I think a park-and-ride bus system that follows arterial roads is an ideal short-term solution. Imagine how many cars could be taken off of Hwy. 53, Research Park Blvd, Memorial Parkway, and other local thoroughfares if there were even something as simple as a bus running from these locations to Research Park and Redstone Arsenal.

It seems so simple! But the most productive bus routes wouldn't lie completely within the city of Huntsville. Somehow, we have to get past this hurdle. I'm not quite sure how, because it seems like local government (and people like Anonymous) are interested only in preserving the status quo. How do we get things moving in a more productive direction?

By the way, if you've never commuted by bus before, you're missing out on some great benefits like having extra time to read or work and no stressful drive. Imagine... buses with Wi-Fi... now there's a good idea...

Cody said...

I believe the key to this system, initially, will be the light rail connection between Research Park/Bridge Street and Redstone Arsenal. If there is some way to secure a train that takes people onto the arsenal, and if MSFC and the Army provide a way for people to get from the stations on the arsenal to their destinations, then a light rail line would take many cars off the road around the I-565/Research Park Blvd interchange and Gate 9 of the arsenal. The system can be expanded from there.

I fear that the funding will not be in place not only to build the system, but also to maintain it.

Mari said...

This is an excellent idea, and I'm all for it after my stepmother explained it to me. She works for the Huntsville Times and gave me some insight...
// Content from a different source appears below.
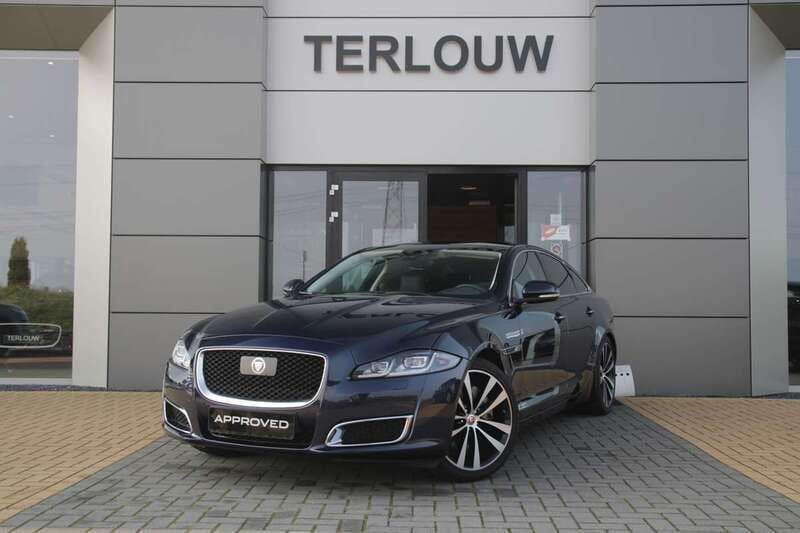 Loire blue (donker blauw metallic)zwart Gebruikt 2020 Jaguar XJ Sedan | € 69.995 - Afbeelding 1/3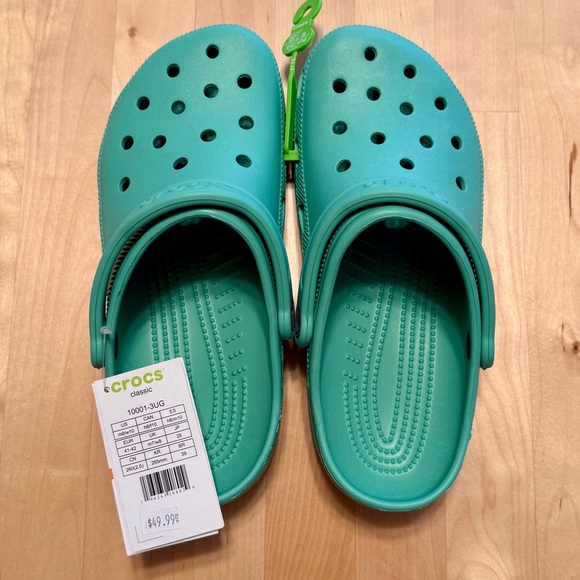 Crocs Adult Classic Clog - women’s 10/men’s 8 - Picture 1 of 5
She says the problem is that Huntsville, Redstone and Madison cannnot agree with eachother. No one wants to commit first...Redstone has said it will commit to the light rail system idea once Huntsville and Madison do it first. but we all know how Redstone has a history of not being a team player and messing up really good ideas just because they can *coughMemphisHuntsvilleAtlantaSuperhighwaycough*....So basicly, Huntsville and Madison are refusing to commit to this plan without Redstone being on board first, since they're so finicy in the first place and will most likey back out.

She said that according to the federal transportation stimulus thingy, everything will be paid for, including the preliminary studies..the only thing we have to pay for is half the cost of each train car. Everyone should just get over themselves and dive in! What a great opporitunity we're messing up for ourselves! I just can't watch us throw away such a great step foward. This could be a good starting point for a light rail system that could connect ALOT of the huntsville areas in a few years! Now if only we could get those dumb yuppies out of their massive hummer SUVs and into the rail cars....

James said...

Huntsville and Madison seem to be getting along a lot better these days, at least better than the Spencer/Kirkindall days. A regional transit system is closer to reality now than it ever has been. Let's just do it right the first time.

We must not forget that our region doesn't include just Huntsville, Madison, and Redstone Arsenal. We'll end up right back to where we are now.